In an interview at The Internet Engineering Task Force 93, former CIA employee and NSA contractor Edward Snowden spoke about privacy and security. Interestingly, Snowden focused his talk on Bitcoin and its flaws and weaknesses.

Snowden began by briefly introducing the 51% attack concept, and stated that the Bitcoin network could be vulnerable to attacks and manipulation if “a pool has over 50% of the computing power to demonstrate adequate proof of work to add entries to the blockchain ledger.”

Snowden commented,

“Obviously, Bitcoin by itself is flawed. The protocol has a lot of weaknesses and transaction sides and a lot of weaknesses that structurally make it vulnerable to people who are trying to own 50 percent of the network and so on and so forth.”

He continued and said, “Focusing too much on bitcoin, I think is a mistake. The real solution is again, how do we get to a point where you don’t have to have a direct link between your identity all of the time? You have personas. You have tokens that authenticate each person and when you want to be able to interact with people as your persona in your true name, you can do so.”

Edward Snowden

Implementation of Proof of Work

Despite his concern for the digital currency, Snowden believes the concept of tokenization and proof of work could be implemented to create “some very interesting things,” which “people can basically pay for access other than direct transfers of currency that originated with an association to their true name.”

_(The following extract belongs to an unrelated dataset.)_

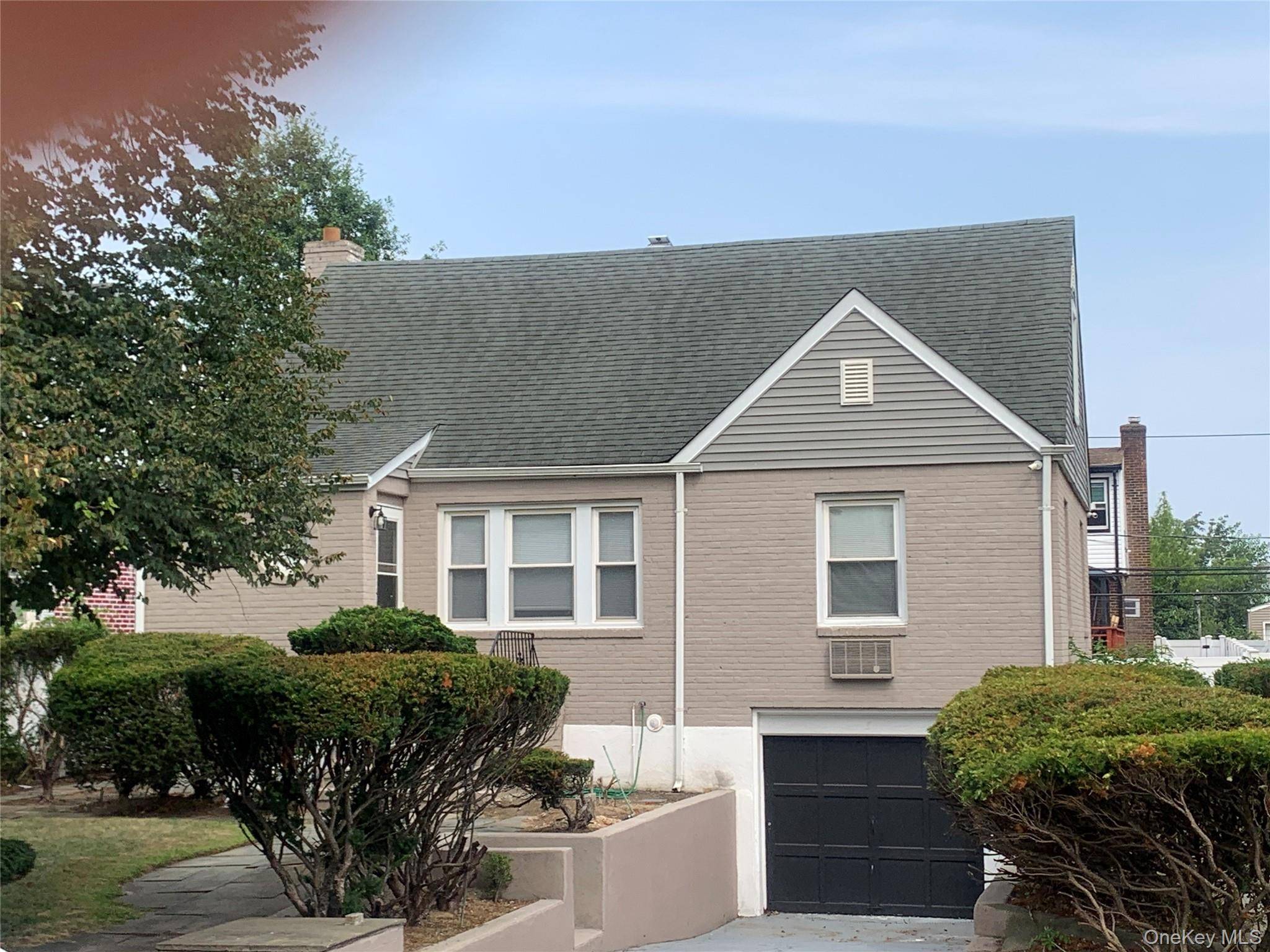 Entire Cape house which consist ot two full bathroom, four bedrooms, updated kitchen with stainless steel appliances, formal dining room, very large family, full finish basement with working washer and ...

Snowden suggested a similar concept of Tor, where bitcoin transactions are “tumbled” and changed once it is sent, like DASH’s Darksend. Darksend mixes a pool of transactions and its addresses randomly, making the transactions completely anonymous and untraceable.

The anonymity of DASH allows users to have multiple “persona” – “a common persona, an anonymous persona, a shared persona” to send transactions that cannot be tracked by the NSA or any government agencies.

Snowden explained, “A lot of these are difficult problems particularly when we talk about the metadata context, the signalling context. And there are actually some really bad proposals, I think, and this is in no offense to anybody who works on these particular problem spaces, but again, it gets back to the middlebox space.”